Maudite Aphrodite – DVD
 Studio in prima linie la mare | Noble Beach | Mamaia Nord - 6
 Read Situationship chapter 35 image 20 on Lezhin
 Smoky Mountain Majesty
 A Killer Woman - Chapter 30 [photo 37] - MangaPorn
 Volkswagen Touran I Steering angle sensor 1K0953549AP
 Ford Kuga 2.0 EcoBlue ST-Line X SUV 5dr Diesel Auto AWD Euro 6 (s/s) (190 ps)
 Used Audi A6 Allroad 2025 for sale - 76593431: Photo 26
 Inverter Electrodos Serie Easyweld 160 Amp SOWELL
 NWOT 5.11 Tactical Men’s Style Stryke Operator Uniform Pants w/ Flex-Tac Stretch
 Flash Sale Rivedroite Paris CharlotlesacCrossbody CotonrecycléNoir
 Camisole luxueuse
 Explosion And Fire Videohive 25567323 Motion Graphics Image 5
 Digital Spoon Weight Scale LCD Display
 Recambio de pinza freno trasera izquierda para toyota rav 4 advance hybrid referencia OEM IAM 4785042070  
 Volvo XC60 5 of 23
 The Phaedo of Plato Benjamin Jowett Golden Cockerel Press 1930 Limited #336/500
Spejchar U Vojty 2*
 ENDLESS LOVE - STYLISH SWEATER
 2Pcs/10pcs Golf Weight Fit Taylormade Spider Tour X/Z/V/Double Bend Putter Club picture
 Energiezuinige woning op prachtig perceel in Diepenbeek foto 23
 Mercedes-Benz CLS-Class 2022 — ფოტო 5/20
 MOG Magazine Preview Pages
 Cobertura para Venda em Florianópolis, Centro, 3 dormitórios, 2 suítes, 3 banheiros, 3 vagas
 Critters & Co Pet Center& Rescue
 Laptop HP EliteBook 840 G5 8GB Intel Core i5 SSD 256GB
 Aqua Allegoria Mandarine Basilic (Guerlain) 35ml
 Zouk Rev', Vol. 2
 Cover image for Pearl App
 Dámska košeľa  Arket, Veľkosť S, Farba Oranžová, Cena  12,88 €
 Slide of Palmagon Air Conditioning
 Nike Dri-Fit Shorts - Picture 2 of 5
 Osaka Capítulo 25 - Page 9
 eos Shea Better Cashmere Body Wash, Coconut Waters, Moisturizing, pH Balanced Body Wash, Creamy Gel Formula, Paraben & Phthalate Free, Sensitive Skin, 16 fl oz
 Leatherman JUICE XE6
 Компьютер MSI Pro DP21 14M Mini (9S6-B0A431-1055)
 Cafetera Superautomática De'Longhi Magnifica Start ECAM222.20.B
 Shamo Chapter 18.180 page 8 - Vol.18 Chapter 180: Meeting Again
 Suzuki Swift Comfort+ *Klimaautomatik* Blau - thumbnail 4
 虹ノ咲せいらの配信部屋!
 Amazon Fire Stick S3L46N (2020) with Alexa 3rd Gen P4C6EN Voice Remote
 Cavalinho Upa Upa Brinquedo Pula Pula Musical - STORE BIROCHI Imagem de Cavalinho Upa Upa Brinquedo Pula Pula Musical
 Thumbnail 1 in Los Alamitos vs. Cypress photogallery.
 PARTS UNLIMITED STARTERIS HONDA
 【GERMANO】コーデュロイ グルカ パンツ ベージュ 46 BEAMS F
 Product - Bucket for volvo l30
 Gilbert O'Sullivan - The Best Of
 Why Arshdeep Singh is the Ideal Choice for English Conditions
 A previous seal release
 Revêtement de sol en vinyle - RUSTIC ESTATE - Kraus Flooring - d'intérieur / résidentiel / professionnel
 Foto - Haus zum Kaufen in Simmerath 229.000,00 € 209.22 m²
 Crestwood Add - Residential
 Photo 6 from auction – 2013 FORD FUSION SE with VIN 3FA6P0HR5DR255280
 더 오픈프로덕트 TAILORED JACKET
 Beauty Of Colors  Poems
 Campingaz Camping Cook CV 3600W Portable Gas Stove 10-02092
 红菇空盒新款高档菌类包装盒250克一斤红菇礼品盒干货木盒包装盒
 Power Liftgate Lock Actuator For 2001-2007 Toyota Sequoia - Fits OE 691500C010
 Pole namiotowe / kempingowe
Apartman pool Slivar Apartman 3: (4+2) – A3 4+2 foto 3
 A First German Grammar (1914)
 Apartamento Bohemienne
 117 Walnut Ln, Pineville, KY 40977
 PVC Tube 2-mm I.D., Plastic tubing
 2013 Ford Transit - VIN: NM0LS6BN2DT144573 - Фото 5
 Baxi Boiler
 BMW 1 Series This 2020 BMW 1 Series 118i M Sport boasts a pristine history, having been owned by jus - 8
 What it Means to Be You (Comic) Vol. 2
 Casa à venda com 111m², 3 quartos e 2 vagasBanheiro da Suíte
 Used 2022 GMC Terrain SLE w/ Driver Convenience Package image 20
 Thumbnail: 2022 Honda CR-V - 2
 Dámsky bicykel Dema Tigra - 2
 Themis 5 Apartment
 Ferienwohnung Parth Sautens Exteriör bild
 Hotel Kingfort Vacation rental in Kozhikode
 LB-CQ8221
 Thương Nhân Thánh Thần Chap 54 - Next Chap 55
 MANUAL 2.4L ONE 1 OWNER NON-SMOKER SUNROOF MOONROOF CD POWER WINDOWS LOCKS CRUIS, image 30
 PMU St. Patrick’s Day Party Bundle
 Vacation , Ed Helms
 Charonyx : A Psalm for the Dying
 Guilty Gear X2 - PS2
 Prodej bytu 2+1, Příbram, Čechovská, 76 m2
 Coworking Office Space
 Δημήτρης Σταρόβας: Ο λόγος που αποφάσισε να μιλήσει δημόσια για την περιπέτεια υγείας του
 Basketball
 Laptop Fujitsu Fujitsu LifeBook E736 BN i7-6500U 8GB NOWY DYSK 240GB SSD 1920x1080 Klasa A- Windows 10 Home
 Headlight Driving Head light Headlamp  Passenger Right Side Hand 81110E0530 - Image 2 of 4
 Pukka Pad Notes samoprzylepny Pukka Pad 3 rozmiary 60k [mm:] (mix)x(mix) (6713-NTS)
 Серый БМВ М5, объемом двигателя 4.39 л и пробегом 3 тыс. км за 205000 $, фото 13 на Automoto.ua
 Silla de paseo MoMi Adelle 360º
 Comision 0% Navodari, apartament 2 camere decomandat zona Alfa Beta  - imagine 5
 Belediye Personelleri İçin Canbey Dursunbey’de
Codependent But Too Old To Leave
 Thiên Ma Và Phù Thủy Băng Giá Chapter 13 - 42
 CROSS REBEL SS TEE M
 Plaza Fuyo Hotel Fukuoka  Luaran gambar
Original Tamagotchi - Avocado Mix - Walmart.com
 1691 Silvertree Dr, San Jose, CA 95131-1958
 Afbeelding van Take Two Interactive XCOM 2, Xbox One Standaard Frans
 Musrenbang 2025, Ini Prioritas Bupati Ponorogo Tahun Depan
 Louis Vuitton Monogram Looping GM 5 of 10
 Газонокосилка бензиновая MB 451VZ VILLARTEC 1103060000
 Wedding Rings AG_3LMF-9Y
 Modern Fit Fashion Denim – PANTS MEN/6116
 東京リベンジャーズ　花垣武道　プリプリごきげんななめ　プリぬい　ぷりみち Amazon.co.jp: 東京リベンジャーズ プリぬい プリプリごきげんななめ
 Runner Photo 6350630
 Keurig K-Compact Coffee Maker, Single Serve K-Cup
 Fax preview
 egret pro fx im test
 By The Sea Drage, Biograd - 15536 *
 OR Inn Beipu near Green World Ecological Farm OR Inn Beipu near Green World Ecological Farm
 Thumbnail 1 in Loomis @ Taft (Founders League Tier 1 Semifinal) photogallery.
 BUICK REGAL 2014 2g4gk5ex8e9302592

● Goal of the exercise: Could you repeat all of the material above exactly?

● Answer for the task:
Maudite Aphrodite – DVD
 Studio in prima linie la mare | Noble Beach | Mamaia Nord - 6
 Read Situationship chapter 35 image 20 on Lezhin
 Smoky Mountain Majesty
 A Killer Woman - Chapter 30 [photo 37] - MangaPorn
 Volkswagen Touran I Steering angle sensor 1K0953549AP
 Ford Kuga 2.0 EcoBlue ST-Line X SUV 5dr Diesel Auto AWD Euro 6 (s/s) (190 ps)
 Used Audi A6 Allroad 2025 for sale - 76593431: Photo 26
 Inverter Electrodos Serie Easyweld 160 Amp SOWELL
 NWOT 5.11 Tactical Men’s Style Stryke Operator Uniform Pants w/ Flex-Tac Stretch
 Flash Sale Rivedroite Paris CharlotlesacCrossbody CotonrecycléNoir
 Camisole luxueuse
 Explosion And Fire Videohive 25567323 Motion Graphics Image 5
 Digital Spoon Weight Scale LCD Display
 Recambio de pinza freno trasera izquierda para toyota rav 4 advance hybrid referencia OEM IAM 4785042070  
 Volvo XC60 5 of 23
 The Phaedo of Plato Benjamin Jowett Golden Cockerel Press 1930 Limited #336/500
Spejchar U Vojty 2*
 ENDLESS LOVE - STYLISH SWEATER
 2Pcs/10pcs Golf Weight Fit Taylormade Spider Tour X/Z/V/Double Bend Putter Club picture
 Energiezuinige woning op prachtig perceel in Diepenbeek foto 23
 Mercedes-Benz CLS-Class 2022 — ფოტო 5/20
 MOG Magazine Preview Pages
 Cobertura para Venda em Florianópolis, Centro, 3 dormitórios, 2 suítes, 3 banheiros, 3 vagas
 Critters & Co Pet Center& Rescue
 Laptop HP EliteBook 840 G5 8GB Intel Core i5 SSD 256GB
 Aqua Allegoria Mandarine Basilic (Guerlain) 35ml
 Zouk Rev', Vol. 2
 Cover image for Pearl App
 Dámska košeľa  Arket, Veľkosť S, Farba Oranžová, Cena  12,88 €
 Slide of Palmagon Air Conditioning
 Nike Dri-Fit Shorts - Picture 2 of 5
 Osaka Capítulo 25 - Page 9
 eos Shea Better Cashmere Body Wash, Coconut Waters, Moisturizing, pH Balanced Body Wash, Creamy Gel Formula, Paraben & Phthalate Free, Sensitive Skin, 16 fl oz
 Leatherman JUICE XE6
 Компьютер MSI Pro DP21 14M Mini (9S6-B0A431-1055)
 Cafetera Superautomática De'Longhi Magnifica Start ECAM222.20.B
 Shamo Chapter 18.180 page 8 - Vol.18 Chapter 180: Meeting Again
 Suzuki Swift Comfort+ *Klimaautomatik* Blau - thumbnail 4
 虹ノ咲せいらの配信部屋!
 Amazon Fire Stick S3L46N (2020) with Alexa 3rd Gen P4C6EN Voice Remote
 Cavalinho Upa Upa Brinquedo Pula Pula Musical - STORE BIROCHI Imagem de Cavalinho Upa Upa Brinquedo Pula Pula Musical
 Thumbnail 1 in Los Alamitos vs. Cypress photogallery.
 PARTS UNLIMITED STARTERIS HONDA
 【GERMANO】コーデュロイ グルカ パンツ ベージュ 46 BEAMS F
 Product - Bucket for volvo l30
 Gilbert O'Sullivan - The Best Of
 Why Arshdeep Singh is the Ideal Choice for English Conditions
 A previous seal release
 Revêtement de sol en vinyle - RUSTIC ESTATE - Kraus Flooring - d'intérieur / résidentiel / professionnel
 Foto - Haus zum Kaufen in Simmerath 229.000,00 € 209.22 m²
 Crestwood Add - Residential
 Photo 6 from auction – 2013 FORD FUSION SE with VIN 3FA6P0HR5DR255280
 더 오픈프로덕트 TAILORED JACKET
 Beauty Of Colors  Poems
 Campingaz Camping Cook CV 3600W Portable Gas Stove 10-02092
 红菇空盒新款高档菌类包装盒250克一斤红菇礼品盒干货木盒包装盒
 Power Liftgate Lock Actuator For 2001-2007 Toyota Sequoia - Fits OE 691500C010
 Pole namiotowe / kempingowe
Apartman pool Slivar Apartman 3: (4+2) – A3 4+2 foto 3
 A First German Grammar (1914)
 Apartamento Bohemienne
 117 Walnut Ln, Pineville, KY 40977
 PVC Tube 2-mm I.D., Plastic tubing
 2013 Ford Transit - VIN: NM0LS6BN2DT144573 - Фото 5
 Baxi Boiler
 BMW 1 Series This 2020 BMW 1 Series 118i M Sport boasts a pristine history, having been owned by jus - 8
 What it Means to Be You (Comic) Vol. 2
 Casa à venda com 111m², 3 quartos e 2 vagasBanheiro da Suíte
 Used 2022 GMC Terrain SLE w/ Driver Convenience Package image 20
 Thumbnail: 2022 Honda CR-V - 2
 Dámsky bicykel Dema Tigra - 2
 Themis 5 Apartment
 Ferienwohnung Parth Sautens Exteriör bild
 Hotel Kingfort Vacation rental in Kozhikode
 LB-CQ8221
 Thương Nhân Thánh Thần Chap 54 - Next Chap 55
 MANUAL 2.4L ONE 1 OWNER NON-SMOKER SUNROOF MOONROOF CD POWER WINDOWS LOCKS CRUIS, image 30
 PMU St. Patrick’s Day Party Bundle
 Vacation , Ed Helms
 Charonyx : A Psalm for the Dying
 Guilty Gear X2 - PS2
 Prodej bytu 2+1, Příbram, Čechovská, 76 m2
 Coworking Office Space
 Δημήτρης Σταρόβας: Ο λόγος που αποφάσισε να μιλήσει δημόσια για την περιπέτεια υγείας του
 Basketball
 Laptop Fujitsu Fujitsu LifeBook E736 BN i7-6500U 8GB NOWY DYSK 240GB SSD 1920x1080 Klasa A- Windows 10 Home
 Headlight Driving Head light Headlamp  Passenger Right Side Hand 81110E0530 - Image 2 of 4
 Pukka Pad Notes samoprzylepny Pukka Pad 3 rozmiary 60k [mm:] (mix)x(mix) (6713-NTS)
 Серый БМВ М5, объемом двигателя 4.39 л и пробегом 3 тыс. км за 205000 $, фото 13 на Automoto.ua
 Silla de paseo MoMi Adelle 360º
 Comision 0% Navodari, apartament 2 camere decomandat zona Alfa Beta  - imagine 5
 Belediye Personelleri İçin Canbey Dursunbey’de
Codependent But Too Old To Leave
 Thiên Ma Và Phù Thủy Băng Giá Chapter 13 - 42
 CROSS REBEL SS TEE M
 Plaza Fuyo Hotel Fukuoka  Luaran gambar
Original Tamagotchi - Avocado Mix - Walmart.com
 1691 Silvertree Dr, San Jose, CA 95131-1958
 Afbeelding van Take Two Interactive XCOM 2, Xbox One Standaard Frans
 Musrenbang 2025, Ini Prioritas Bupati Ponorogo Tahun Depan
 Louis Vuitton Monogram Looping GM 5 of 10
 Газонокосилка бензиновая MB 451VZ VILLARTEC 1103060000
 Wedding Rings AG_3LMF-9Y
 Modern Fit Fashion Denim – PANTS MEN/6116
 東京リベンジャーズ　花垣武道　プリプリごきげんななめ　プリぬい　ぷりみち Amazon.co.jp: 東京リベンジャーズ プリぬい プリプリごきげんななめ
 Runner Photo 6350630
 Keurig K-Compact Coffee Maker, Single Serve K-Cup
 Fax preview
 egret pro fx im test
 By The Sea Drage, Biograd - 15536 *
 OR Inn Beipu near Green World Ecological Farm OR Inn Beipu near Green World Ecological Farm
 Thumbnail 1 in Loomis @ Taft (Founders League Tier 1 Semifinal) photogallery.
 BUICK REGAL 2014 2g4gk5ex8e9302592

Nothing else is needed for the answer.